> _The task_
Everything from the line that contains "Mitsubishi Pajero 1995 out class condition" to the end of the data below is to be reproduced verbatim; leave all else out.

*** Provided records Section Begins ***

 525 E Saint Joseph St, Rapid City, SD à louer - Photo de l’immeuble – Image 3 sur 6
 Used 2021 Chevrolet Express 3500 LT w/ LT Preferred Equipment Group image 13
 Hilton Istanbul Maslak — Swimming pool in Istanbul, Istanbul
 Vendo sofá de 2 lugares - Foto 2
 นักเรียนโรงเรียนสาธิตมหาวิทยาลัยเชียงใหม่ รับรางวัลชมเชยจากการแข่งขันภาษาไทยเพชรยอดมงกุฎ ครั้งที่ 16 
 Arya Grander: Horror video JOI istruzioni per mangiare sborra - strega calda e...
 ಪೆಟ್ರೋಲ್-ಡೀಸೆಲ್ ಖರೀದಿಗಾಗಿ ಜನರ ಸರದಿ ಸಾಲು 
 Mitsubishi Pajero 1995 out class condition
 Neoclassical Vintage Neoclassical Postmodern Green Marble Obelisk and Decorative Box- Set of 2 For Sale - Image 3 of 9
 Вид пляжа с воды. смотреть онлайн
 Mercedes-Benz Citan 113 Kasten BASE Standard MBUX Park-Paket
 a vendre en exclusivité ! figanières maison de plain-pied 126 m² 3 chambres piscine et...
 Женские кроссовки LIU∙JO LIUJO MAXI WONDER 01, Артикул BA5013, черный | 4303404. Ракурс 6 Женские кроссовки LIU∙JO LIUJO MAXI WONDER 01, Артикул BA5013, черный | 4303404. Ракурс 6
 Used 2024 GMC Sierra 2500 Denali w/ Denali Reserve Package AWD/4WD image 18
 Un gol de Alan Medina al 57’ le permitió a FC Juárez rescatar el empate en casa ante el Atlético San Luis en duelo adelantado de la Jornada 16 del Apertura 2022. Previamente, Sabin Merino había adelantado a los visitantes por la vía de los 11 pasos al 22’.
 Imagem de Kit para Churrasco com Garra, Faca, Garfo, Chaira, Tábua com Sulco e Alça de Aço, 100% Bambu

*** Provided records Section Ends ***

> _Solution_
 Mitsubishi Pajero 1995 out class condition
 Neoclassical Vintage Neoclassical Postmodern Green Marble Obelisk and Decorative Box- Set of 2 For Sale - Image 3 of 9
 Вид пляжа с воды. смотреть онлайн
 Mercedes-Benz Citan 113 Kasten BASE Standard MBUX Park-Paket
 a vendre en exclusivité ! figanières maison de plain-pied 126 m² 3 chambres piscine et...
 Женские кроссовки LIU∙JO LIUJO MAXI WONDER 01, Артикул BA5013, черный | 4303404. Ракурс 6 Женские кроссовки LIU∙JO LIUJO MAXI WONDER 01, Артикул BA5013, черный | 4303404. Ракурс 6
 Used 2024 GMC Sierra 2500 Denali w/ Denali Reserve Package AWD/4WD image 18
 Un gol de Alan Medina al 57’ le permitió a FC Juárez rescatar el empate en casa ante el Atlético San Luis en duelo adelantado de la Jornada 16 del Apertura 2022. Previamente, Sabin Merino había adelantado a los visitantes por la vía de los 11 pasos al 22’.
 Imagem de Kit para Churrasco com Garra, Faca, Garfo, Chaira, Tábua com Sulco e Alça de Aço, 100% Bambu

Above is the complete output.